Return the stretch from the line with "Plaża w Kołobrzegu" through the line with "Elazığ'da seyir halindeki" in the data below, character for character, skipping all pictures.

[Short web captions]
╔══

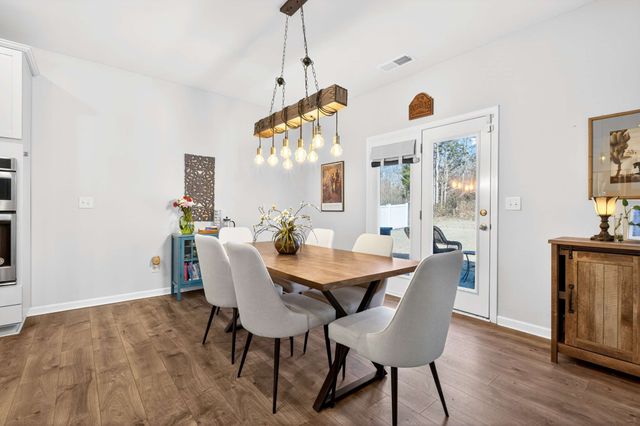 1027 Altavista Ln, Smyrna, TN 37167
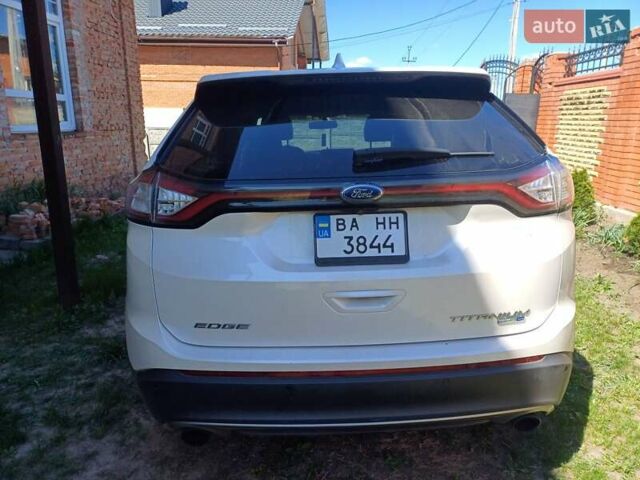 Білий Форд Едж, об'ємом двигуна 2 л та пробігом 199 тис. км за 18000 $, фото 4 на Automoto.ua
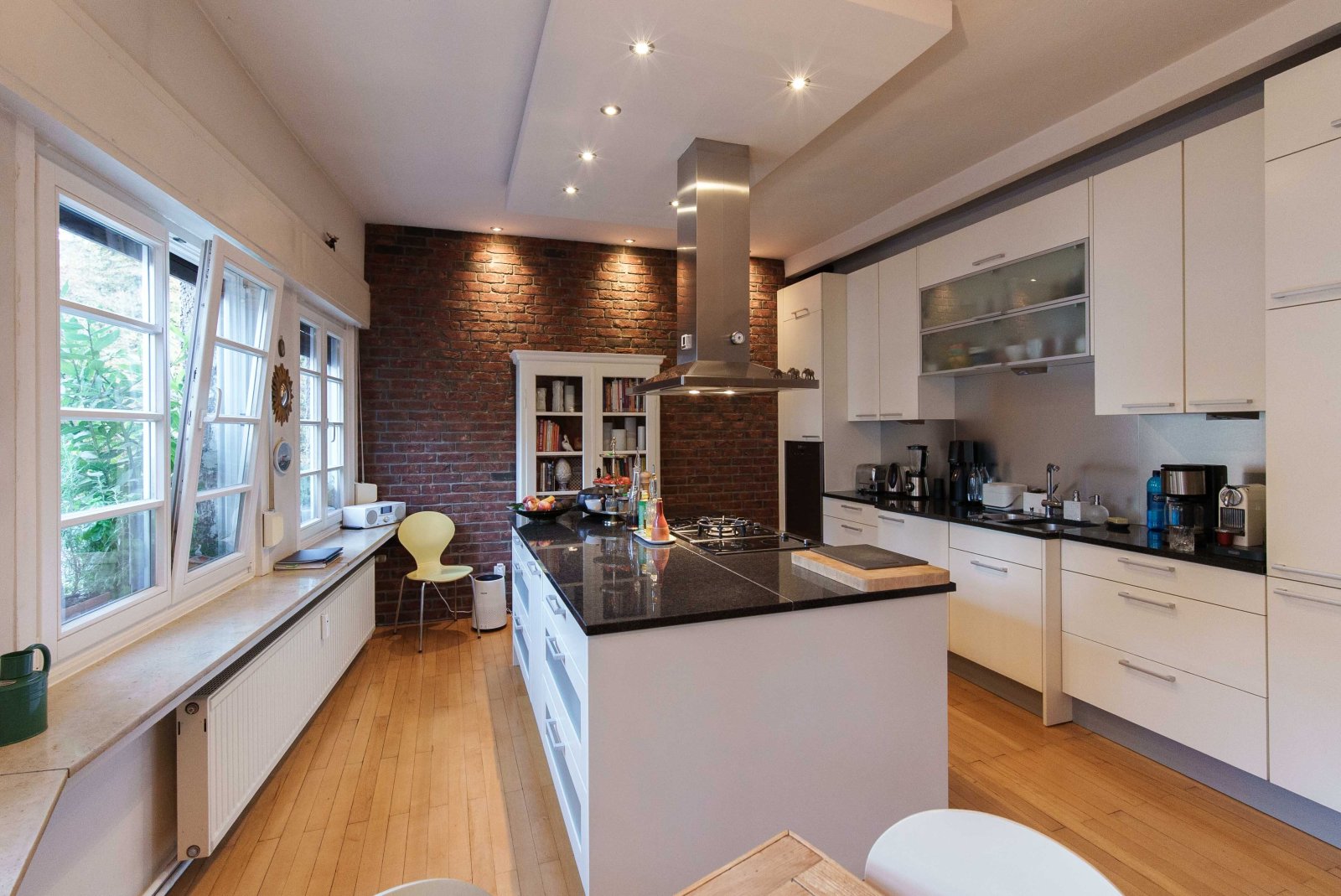 Loft kitchen with charm: brick wall meets modern functionality - cooking at the highest level! Loft kitchen with charm: brick wall meets modern functionality - cooking at the highest level!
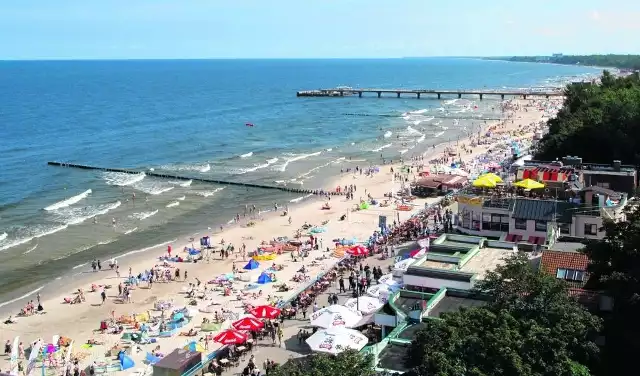 Plaża w Kołobrzegu latem jest oblegana przez turystów. Kołobrzeg to jeden z bardziej popularnych nadmorskich kurortów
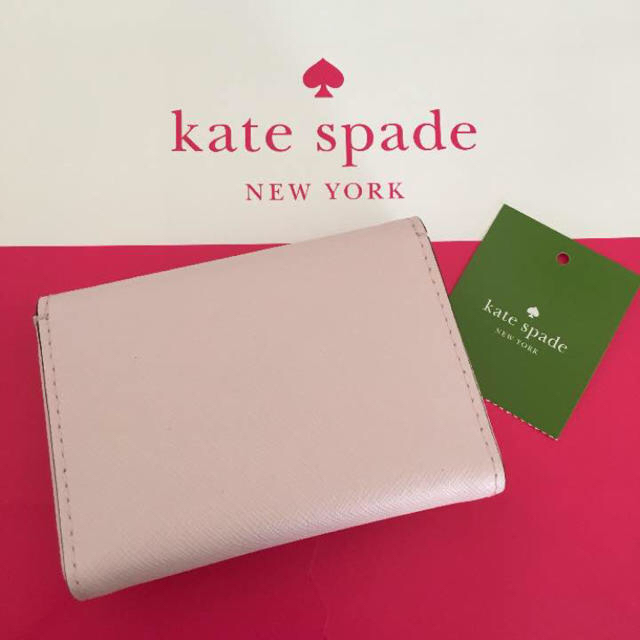 kate spade new york(ケイトスペードニューヨーク)のチャルシュ様専用【新品】ケイトスペード カードケース ピンク レディースのファッション小物(名刺入れ/定期入れ)の商品写真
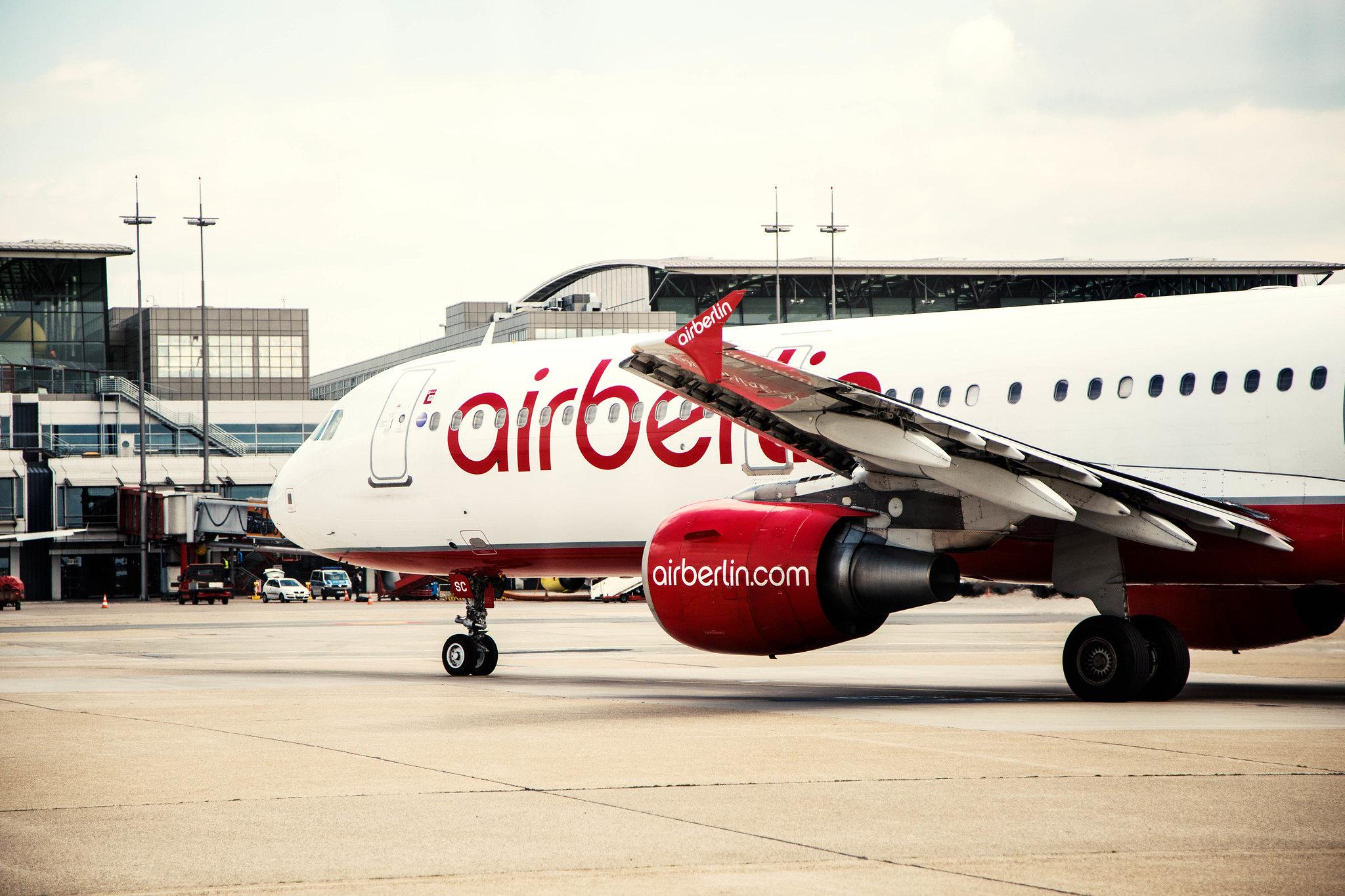 Hamburg Airport: Air Berlin (AB / BER)  |  Airbus A321-211 A321 | D-ALSC | MSN 2005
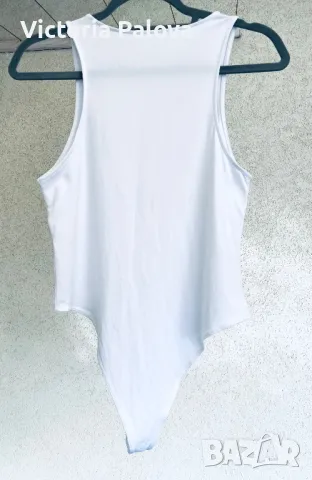 Бяло боди/потник, снимка 2 - Корсети, бюстиета, топове - 47316806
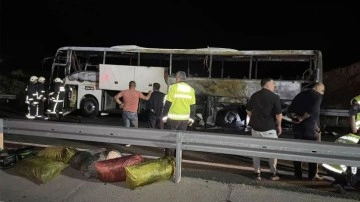 Elazığ'da seyir halindeki bir yolcu otobüsü tamamen yandı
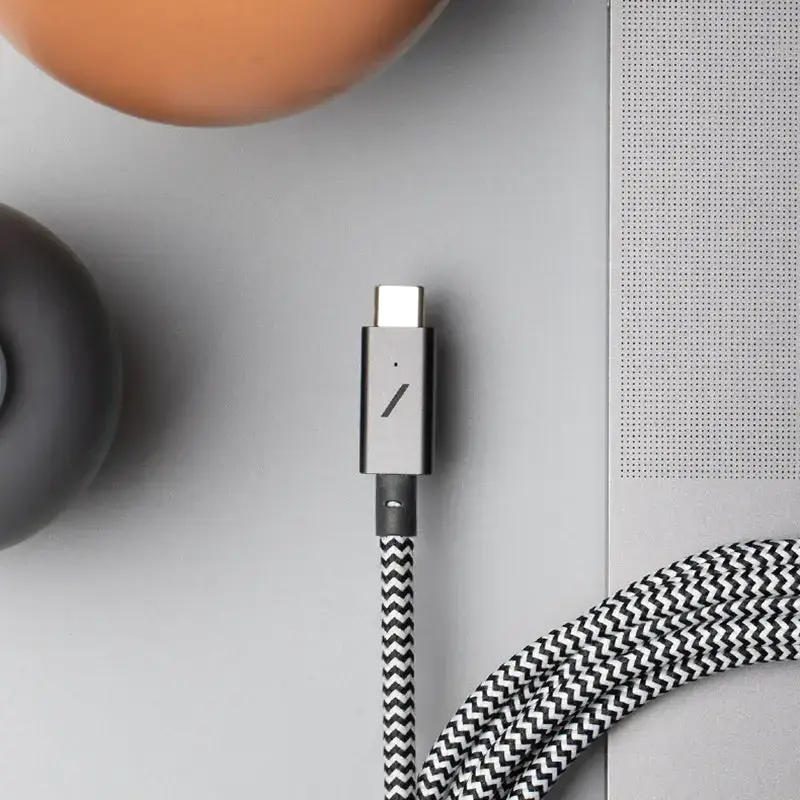 Кабель Native Union Belt Cable USB-C to USB-C Pro 240W Zebra (2.4 m) (BELT-PRO2-ZEB-NP)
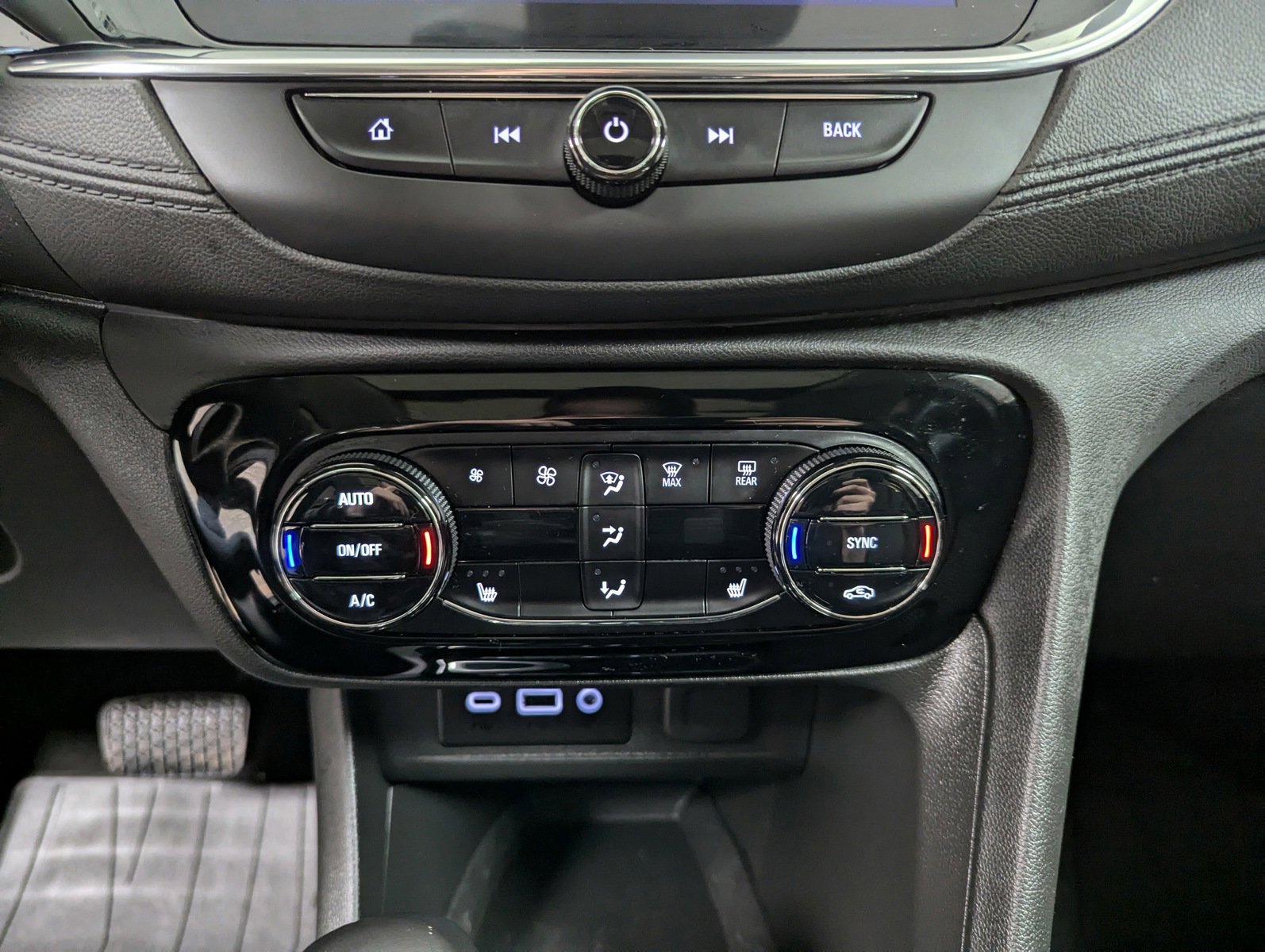 2023 Buick Encore GX Essence photo 24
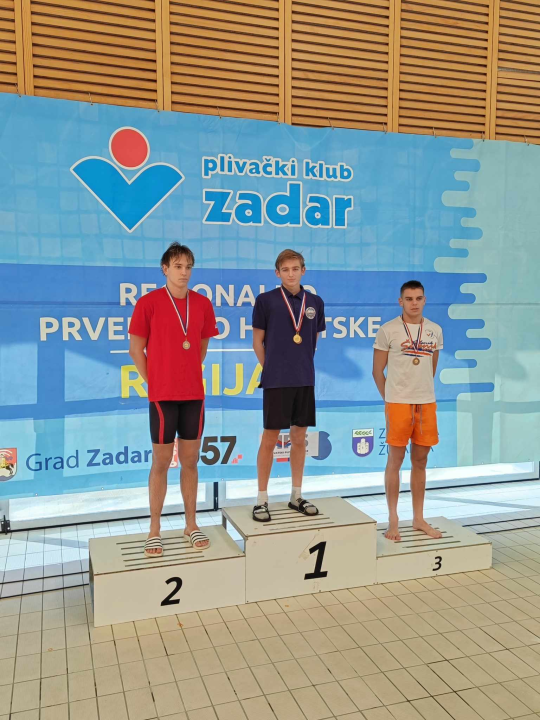 Plivač 'Mora' Goran Stegić fantastičan u Zadru: Osvojio 14 medalja i više naslova državnog prvaka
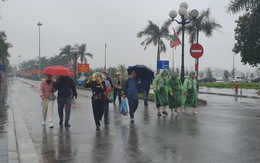 Bất chấp trời mưa, người dân vẫn ùn ùn kéo về đền Trần Nam Định cầu may trước giờ G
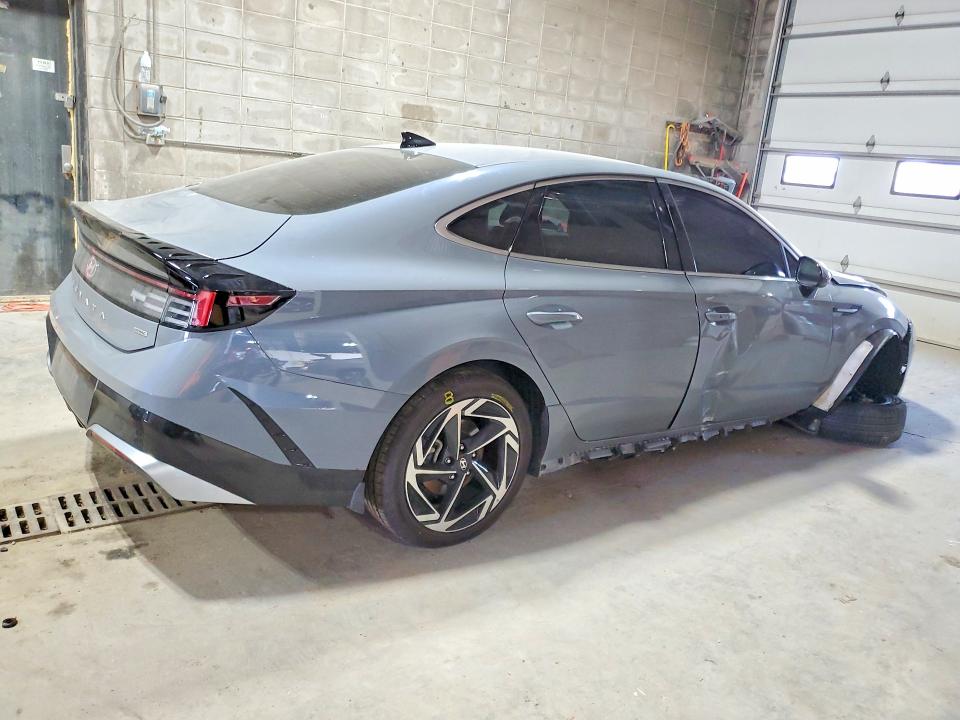 Photo 3 from auction – 2026 HYUNDAI SONATA with VIN KMHL64JA0TA546155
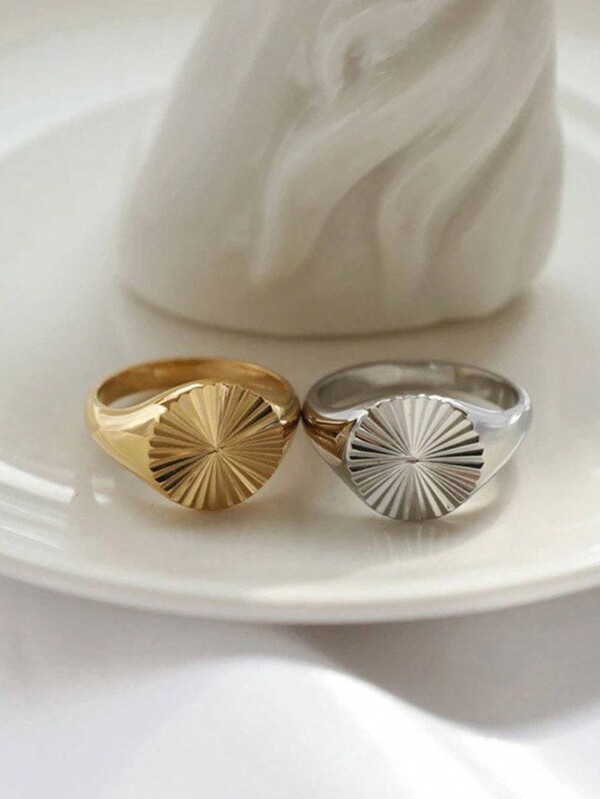 1pc Fashionable Punk Style Titanium Steel Metal Texture Wave Radiation Pattern Circular Women's Ring, Gold Color And Non-Fading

╚══

[Problem solution]:
 Plaża w Kołobrzegu latem jest oblegana przez turystów. Kołobrzeg to jeden z bardziej popularnych nadmorskich kurortów
 kate spade new york(ケイトスペードニューヨーク)のチャルシュ様専用【新品】ケイトスペード カードケース ピンク レディースのファッション小物(名刺入れ/定期入れ)の商品写真
 Hamburg Airport: Air Berlin (AB / BER)  |  Airbus A321-211 A321 | D-ALSC | MSN 2005
 Бяло боди/потник, снимка 2 - Корсети, бюстиета, топове - 47316806
 Elazığ'da seyir halindeki bir yolcu otobüsü tamamen yandı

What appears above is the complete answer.